Washington, one of the states pressuring the tobacco industry to pay billions in damages and to change its marketing practices, will keep its hefty stock portfolio in tobacco companies, a state panel decided Thursday.
The state Investment Board defied the wishes of Gov. Gary Locke and Attorney General Christine Gregoire and narrowly voted to hang on to the state’s $256 million portfolio of tobacco stocks.
Gregoire was one of the lead attorneys who recently negotiated a proposed $368 billion, out-of-court settlement with the industry. Aspects of the deal have encountered opposition in Congress and the White House and with public-health activists like Dr. C. Everett Koop.
Advocates of divesting the state’s holdings said Thursday that the stocks are risky, given the mounting assault on the industry and the uncertainty surrounding the proposed settlement. But defenders said the state doesn’t have clear evidence that the stocks are a bad investment at this time.
The motion by retired labor leader George Masten to divest the stock failed on a 4-4 tie, with one member absent. Officials on both sides of the issue said the situation will be monitored closely and that a new vote could be taken in the coming months.
“These kinds of issues are never settled,” Masten said in an interview after the vote. “I think we should be divesting. I think the heat will be on the tobacco industry continuously. I’m betting tobacco is going down … and I wouldn’t invest any of my personal money in tobacco stock.”
He said he doesn’t plan to “go out and aggressively round up” the fifth board vote necessary to sell the stock. He said his motion would have passed if Patrick McElligott, representing law enforcement and firefighters on the board, hadn’t had to miss the meeting.
The board’s public markets committee had voted unanimously last month to recommend selling the stock, which represents something less than 1 percent of the state’s total investments of $32 billion. Proceeds are used largely to pay public pensions. Earlier in the week, Florida sold most of its $825 million worth of tobacco stock. Maryland divested its $75 million portfolio last year.
Washington’s single largest tobacco holding is $144 million worth of Philip Morris stock.
The investment panel must consider only economics when deciding on stock holdings, although social policy may be weighed as a secondary consideration if it doesn’t cost the state anything, Assistant Attorney General Jeff Lane told the board this summer.
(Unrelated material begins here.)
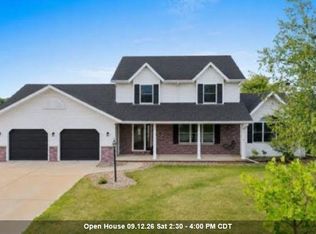 2820 Blue Spruce Dr, Green Bay, WI 54311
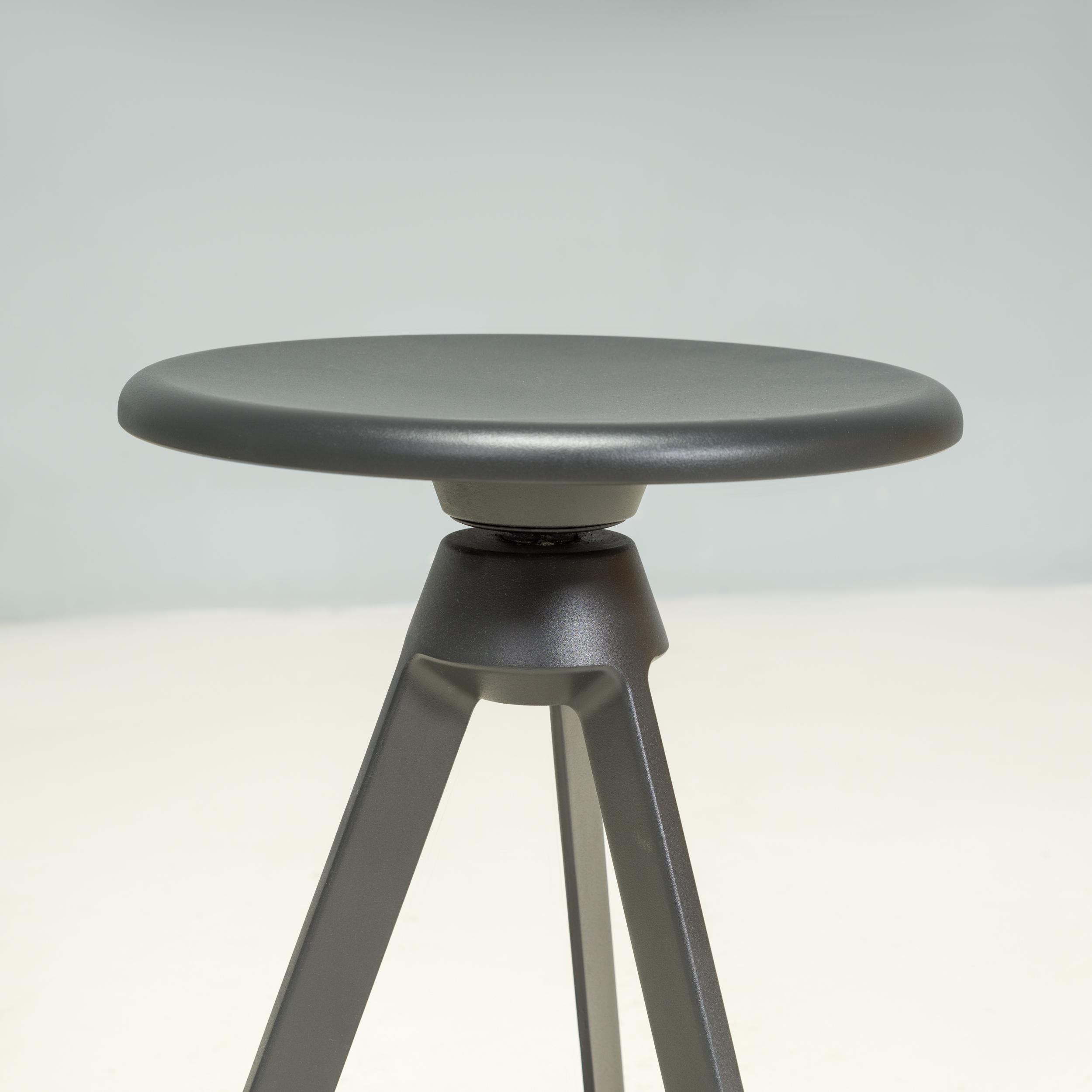 Knoll by Edward Barber & Jay Osgerby Black Piton Swivel Stool In Good Condition For Sale In Basildon, London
Proponents of divestiture were careful to mention only economic concerns during the debate.
Gary Moore, director of the state Department of Labor and Industries, said the motion was far different from previous suggestions to divest from companies during apartheid in South Africa or warfare in Northern Ireland.
“It is my belief that the tobacco industry is under major assault and it is not going to improve in the near future,” Masten said.
He noted the political difficulties the proposed settlement is having and nodded his agreement when investment adviser Charles Kaminski said, “Having an activist Food and Drug Administration that has the ear of the president is the biggest wildcard. … The cartoonists say Joe Camel is in the witness protection program and is now going by ‘Bob Camel.”’ Board Chairman C.T. Purdom, head of the Washington Education Association, and state Treasurer Michael Murphy both said they have big doubts about the long-term yield of the stock - and a gut instinct that it’s time to sell.
But foes of the selloff said it’s pure speculation whether tobacco stocks will decline.
“The bottom line is that there is nothing we know (about the economic risk) that the experts do not know,” said John Charles, Locke’s appointee as director of retirement systems. “I see … no compelling evidence to disinvest.”
House Appropriation Chairman Tom Huff, R-Gig Harbor, a voting member, said the board was confusing economic and political considerations.
Michael Palmer, vice president of the board’s investment adviser, Wilshire Associates, said the board should sell the stock only if it knows something that has escaped Wall Street and all of the financial experts. Other advisers who sit as nonvoting members also urged the status quo.
“Hong Kong has more volatility,” Palmer said, referring to the recent return of the economic powerhouse to China from its British crown colony status. “Why would we treat tobacco differently from Hong Kong?”
The state’s chief investment officer, Christopher Ailman, said the industry is being rocked with “significant volatility” and that the proposed settlement may raise as many questions as it answers. But he said it’s the board’s call: “Risk is in the eye of the beholder.”
Huff and other opponents of the sale also pointed to the estimated $9 million cost of getting into a tobacco-free portfolio and noted that the board just last month approved 100 percent passive management of the state funds. Intervening in one particular area sets a bad precedent, Huff said.
The selloff motion was backed by Moore, Murphy, Masten and Purdom and opposed by Huff, Charles, labor leader Gerald Morgen, and state Sen. George Sellar, R-East Wenatchee.